Sunday 29 September 2013

Kepler 63b; a giant planet in a polar orbit.

KIC 11554435 (or Kepler Input Catalogue 11554435) is a young, sunlike star 652 light years from the Earth. It is thought to be between 200 and 300 million years old with a mass 98% of the Sun's and an effective surface temperature of ~5576 K, as opposed to 5778 K for the Sun. As a young star it rotates considerably faster than the Sun, roughly once every 5.4 days, while the Sun takes slightly under 24.5 days to complete a rotation, and has a high level of starspot activity (the same as sunspot activity but on a different star).

In a paper published on the online arXiv database at Cornell University Library on 26 August 2013, and accepted for publication in The Astrophysical Journal, a team of scientists led by Roberto Sanchis-Ojeda of the Department of Physics and Kavli Institute for Astrophysics and Space Research at the Massachusetts Institute of Technology, describe the discovery of a superjovian planet in orbit about KIC 11554435 by the Kepler Space Telescope. The system is renamed Kepler 63, with the star becoming Kepler 63A and the planet Kepler 63b (naming conventions dictate that stars are given upper case letters and planets lower case letters).

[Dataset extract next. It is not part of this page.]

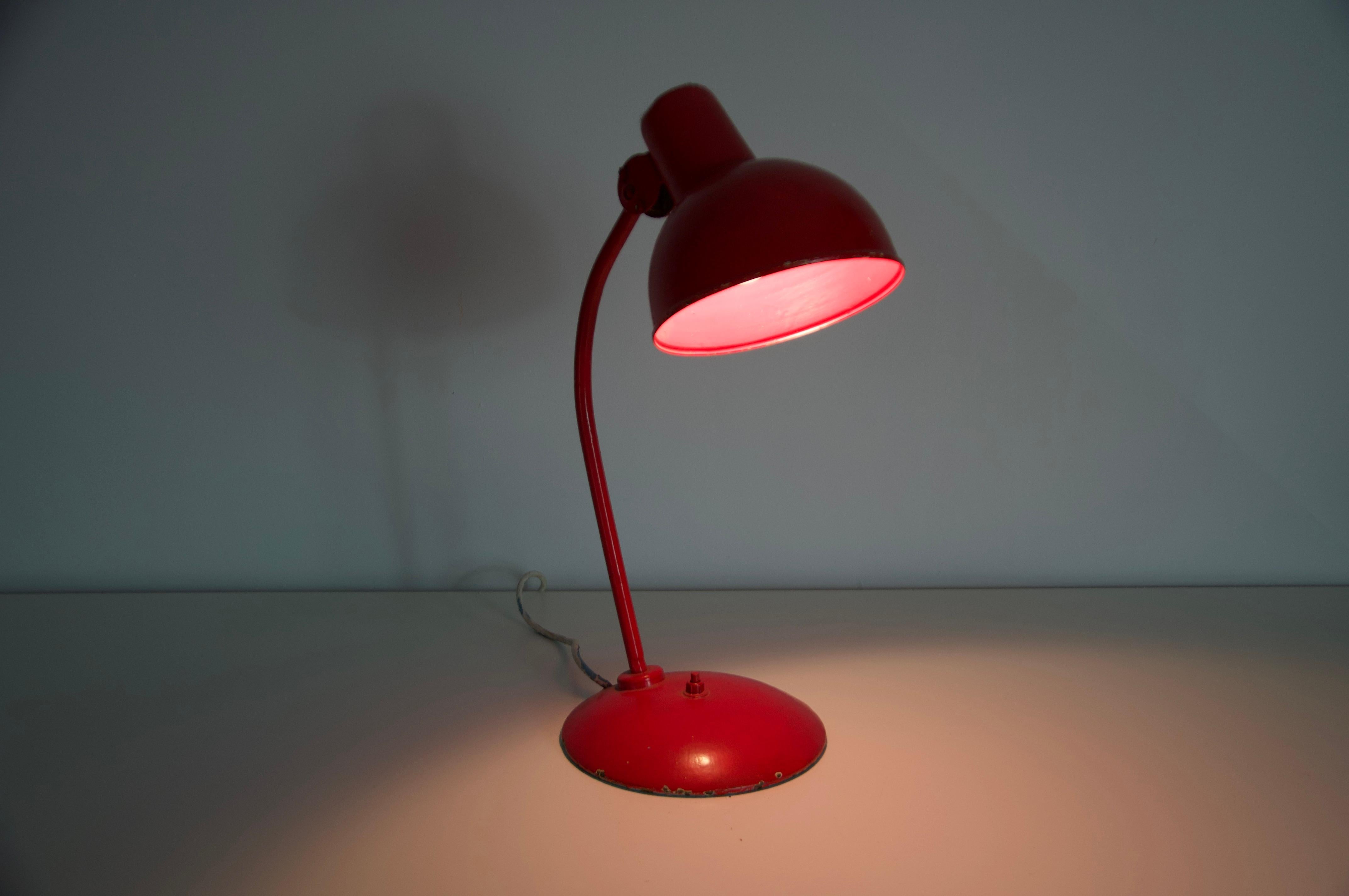 Esta llamativa lámpara de escritorio roja es una pieza original de los años 60, fabricada en Alemania por el renombrado fabricante Kaiser. Característica del diseño moderno de mediados de siglo, la lámpara presenta una silueta limpia y funcional con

Kepler 63b orbits Kepler 63A every 9.43 days at an estimated distance from the star of 0.08 AU (8% of the distance at which the Earth orbits the Sun), making it a 'Hot Jupiter' type planet, transiting the star (passing in front of it from out point of view) as it does so. It has a highly oblique orbit, at 104° to the plane of the star's rotation. Kepler 63b has a radius 6.1 times that of Jupiter, and while it was not possible to determine its mass, this was given an upper limit of 120 times that of Jupiter.

Sanchis-Ojeda et al. were also able to detect a particularly large and apparently permanent starspot (or cluster of starspots) close the the pole of rotation of Kepler 63A that is turned towards us. This moves around the pole with the star's rotation, so that it is sometimes in line with the orbit of the planet and sometimes not.

Locations of the spot, transit chord, and planet at midtransit, according to the best-fitting model. Sanchis-Ojeda et al. (2013).